現在はどのような市場でも競争力が問われ、同一市場で競争力が乏しい企業は負け組となる時代です。とくに小売業を見てみると価格競争は激しく、1円でも安く販売する企業が市場に残り、この市場競争に負ければ同一市場からの撤退を余儀なくされます。業態がディスカウント小売業であれば、薄利多売で売り上げをつくります。しかし、ディスカウント小売という同一市場には、同じように安く売ることをコンセプトとしてビジネスを展開する企業が、価格を下げて競争を激化させています。これが結果として完全に市場原理が働き、まさに消費者にペースが握られます。ディスカウント小売業は一見好況に見えても、経営は厳しいのが現実です。ディスカウント小売大手のドンキホーテホールでイングス(以降ドンキ)は株式市場に上場する企業で、圧縮陳列や総合ディスカウント(車から食品まで様々な商品を取り扱うディスカウントストア)として有名です。

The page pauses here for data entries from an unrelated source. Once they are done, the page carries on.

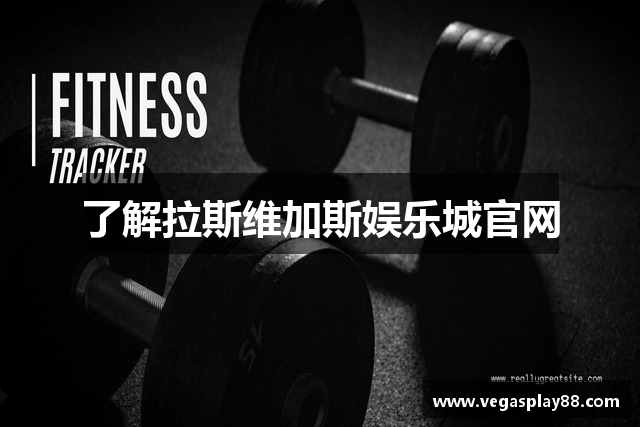 了解拉斯维加斯娱乐城官网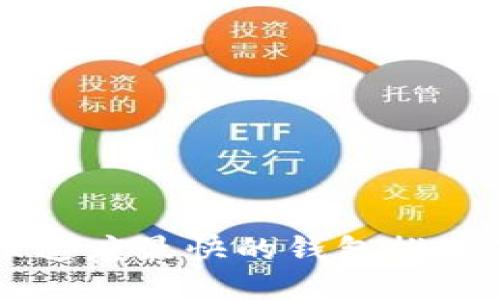 区块链转账速度最快的钱包推荐及使用指南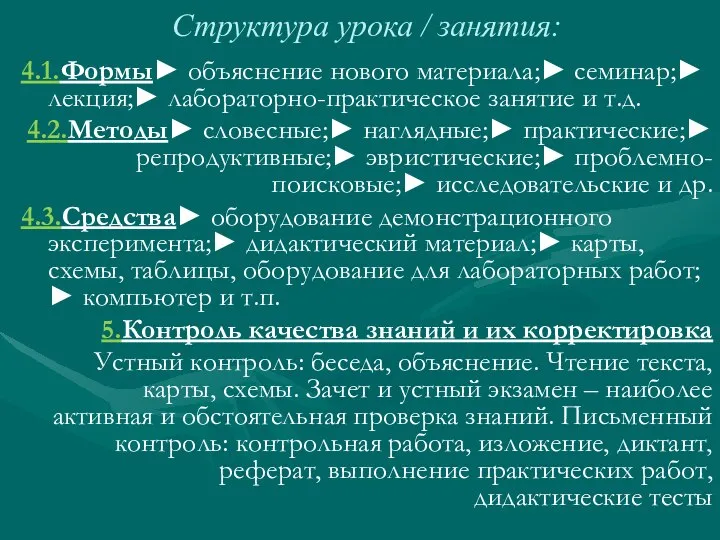 Структура урока / занятия: 4.1.Формы► объяснение нового материала;► семинар;► лекция;► лабораторно-практическое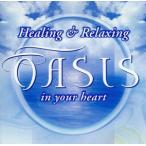 OASIS/(オムニバス)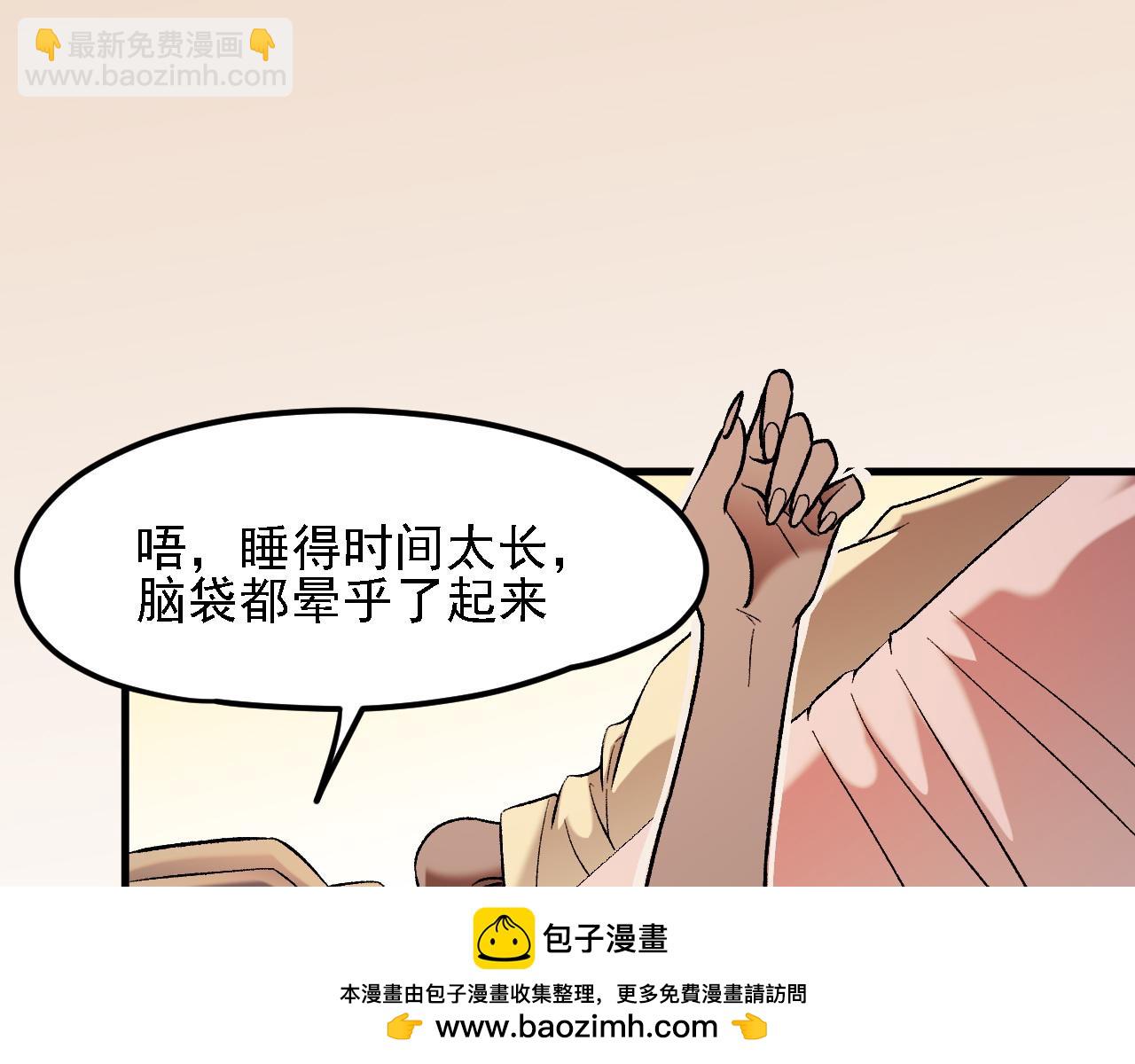 第124话 结盟？围剿断夜灭杀姬？！(1/3)-第182话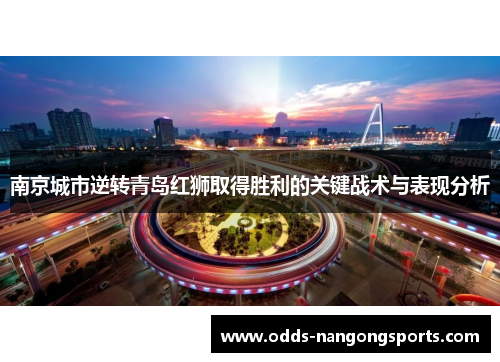 南京城市逆转青岛红狮取得胜利的关键战术与表现分析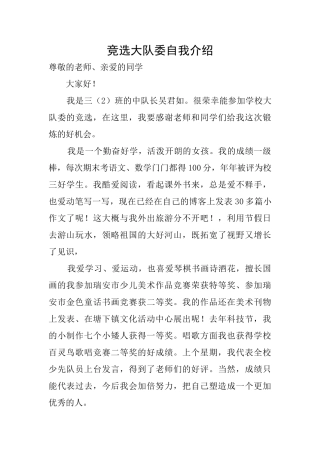 竞选大队委自我介绍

多くのディスカウント企業がある中、ドンキの業績は右肩上がりで、2020年のオリンピックを控えた日本で、今後もインバウンド消費が期待できる企業と言えます。ドンキが他社と異なることは、ただ物を安く売るのではなく、ものを売るための工夫がされ、また利益が出る仕組みが綿密に計算されている点です。出店時の設備投資を最大限に抑えるため、退店放置されている物件に注目し、地権者に現状で借りることを条件に家賃を大幅に下げる交渉を行います。また、競争を仕掛けることが他店に影響を与えるため、退店する店舗が増えると居抜きターゲットとなります。まさに市場競争を追い風としています。テナントを募集し収入に組み込み、限られた陳列ブースでありながら圧縮陳列するのです。これによって通常の陳列の3倍の陳列が出来、ブースを有効活用し、利益を拡大しています。外国人観光客は小売にエンターテイメント性を求めるため、ドンキの業績はここ数年良好となっています。